**What is needed**
Only the lines below from the one containing "Used 2020 Honda Accord LX image 13" through the last line should be set down, exactly as written and with no pictures.

**Material shown**

□ □ □ □ □ □ □

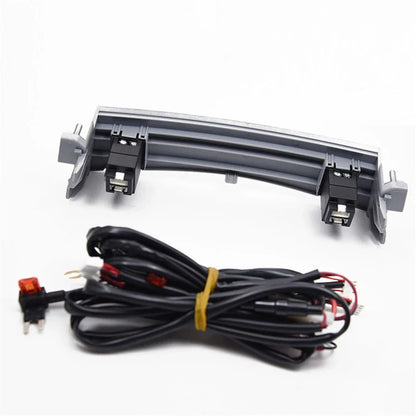 A/C Lower Panel USB Charger 12V 18W for Toyota Corolla (2006-2009)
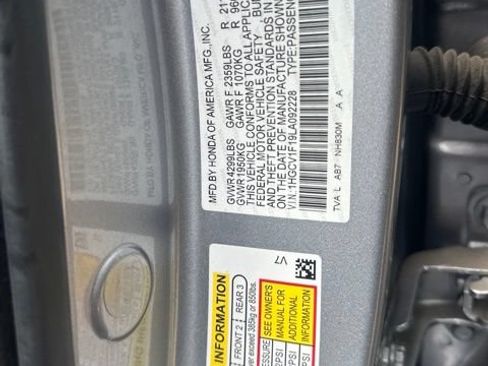 Used 2020 Honda Accord LX image 13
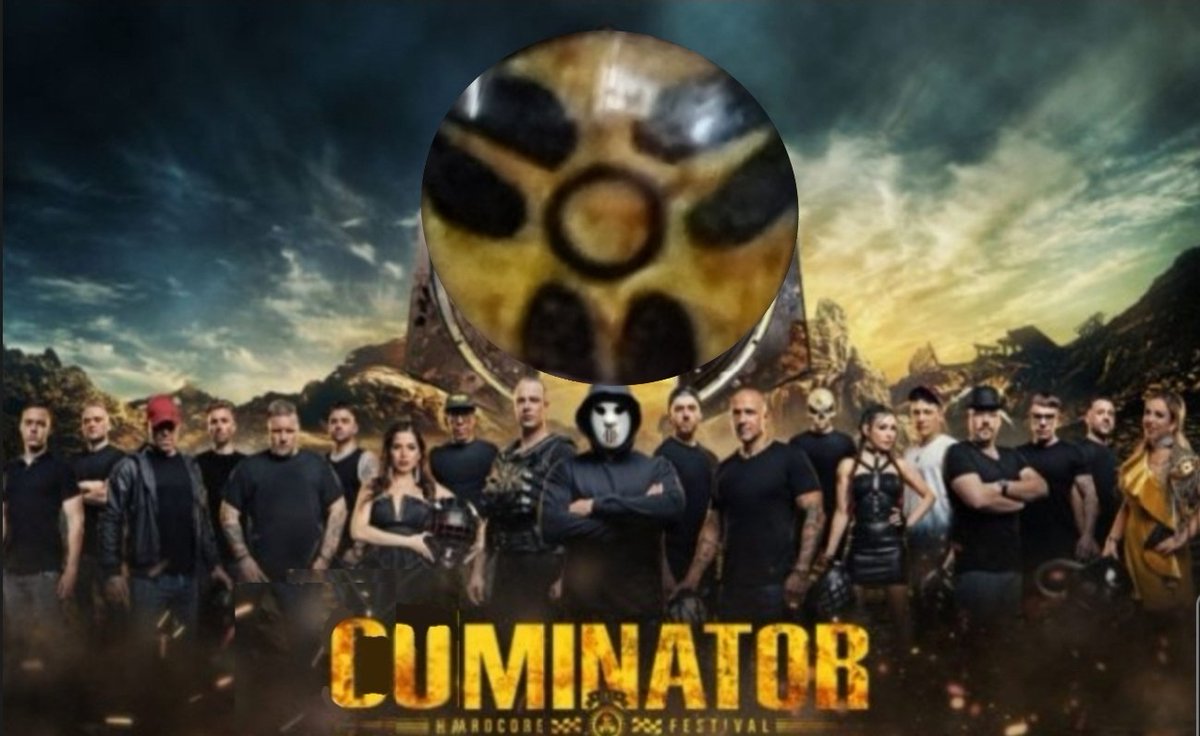 sweedrunner's tweet photo. Thanks to everyone tuning in today! Ill probably put the set on Youtube. In a week or so..
(the dominator logo in the pic is my eye btw)

#thesweedrunner https://t.co/gBRKfQrK3I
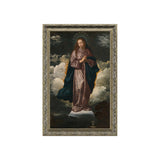 The Immaculate Conception By Diego Velázquez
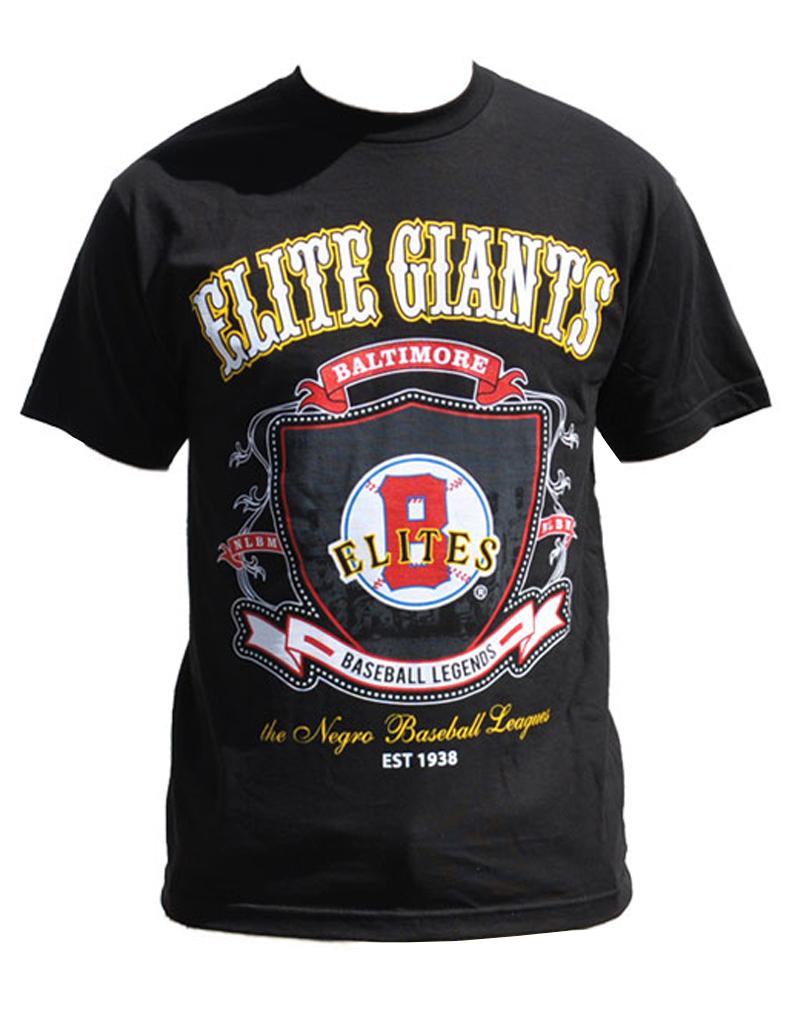 BALTIMORE ELITE GIANTS GRAPHIC TEE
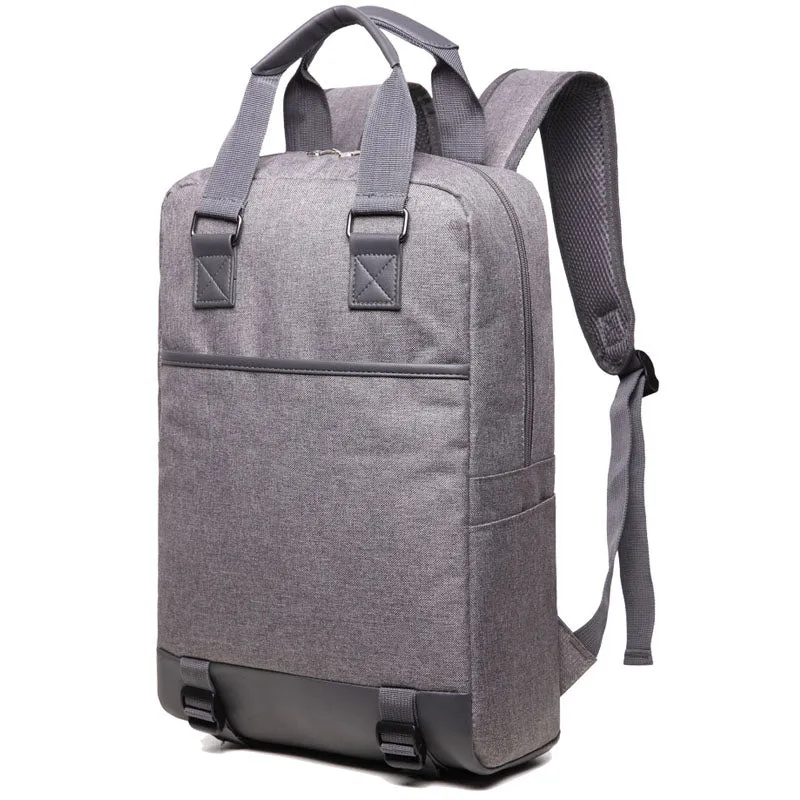 Oxford Laptop Backpack Waterproof Business Work Bags Teenager Backbag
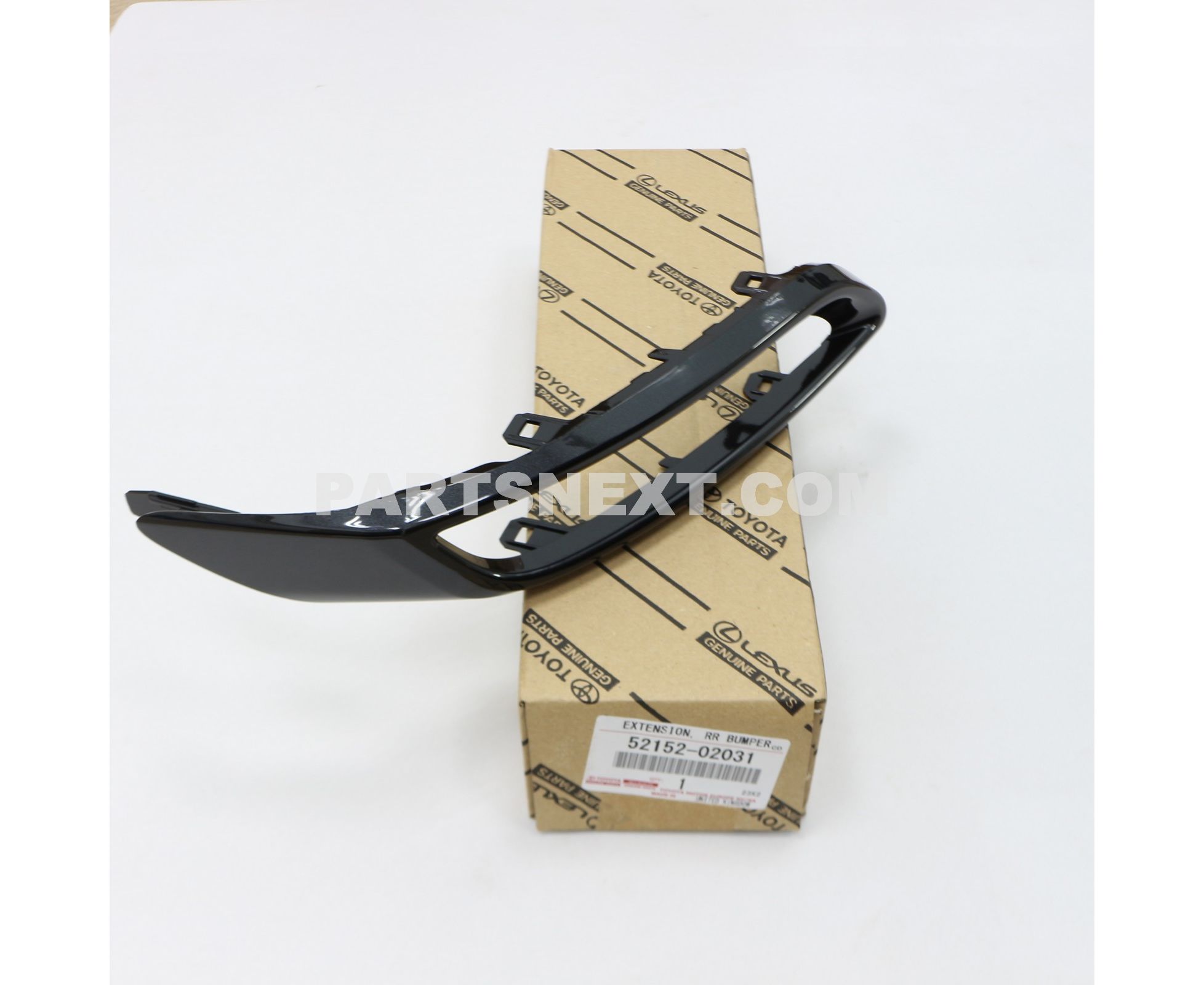 Toyota :: 52152-02031 EXTENSION RR
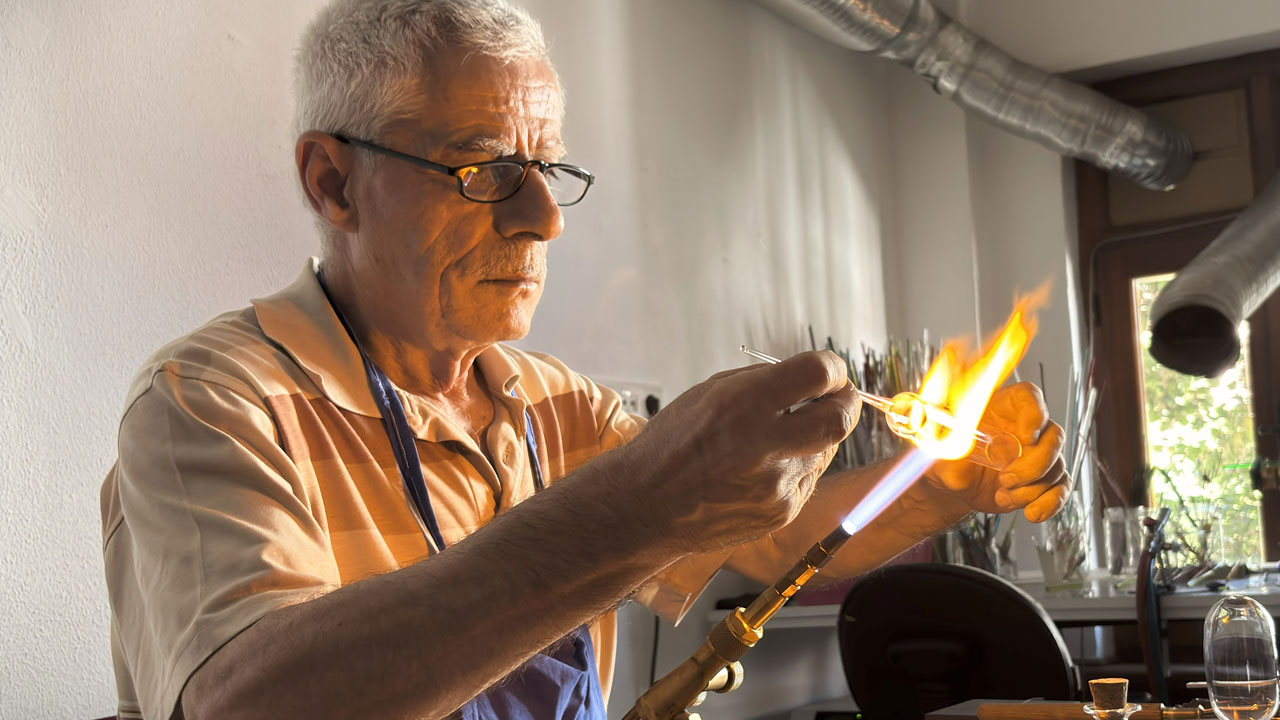 Foto - 2 bin 400 yıllık dram! Asker eşlerinin gözyaşları şişelerde saklı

□ □ □ □ □ □ □

**Solution for this problem**
 Used 2020 Honda Accord LX image 13
 sweedrunner's tweet photo. Thanks to everyone tuning in today! Ill probably put the set on Youtube. In a week or so..
(the dominator logo in the pic is my eye btw)

#thesweedrunner https://t.co/gBRKfQrK3I
 The Immaculate Conception By Diego Velázquez
 BALTIMORE ELITE GIANTS GRAPHIC TEE
 Oxford Laptop Backpack Waterproof Business Work Bags Teenager Backbag
 Toyota :: 52152-02031 EXTENSION RR
 Foto - 2 bin 400 yıllık dram! Asker eşlerinin gözyaşları şişelerde saklı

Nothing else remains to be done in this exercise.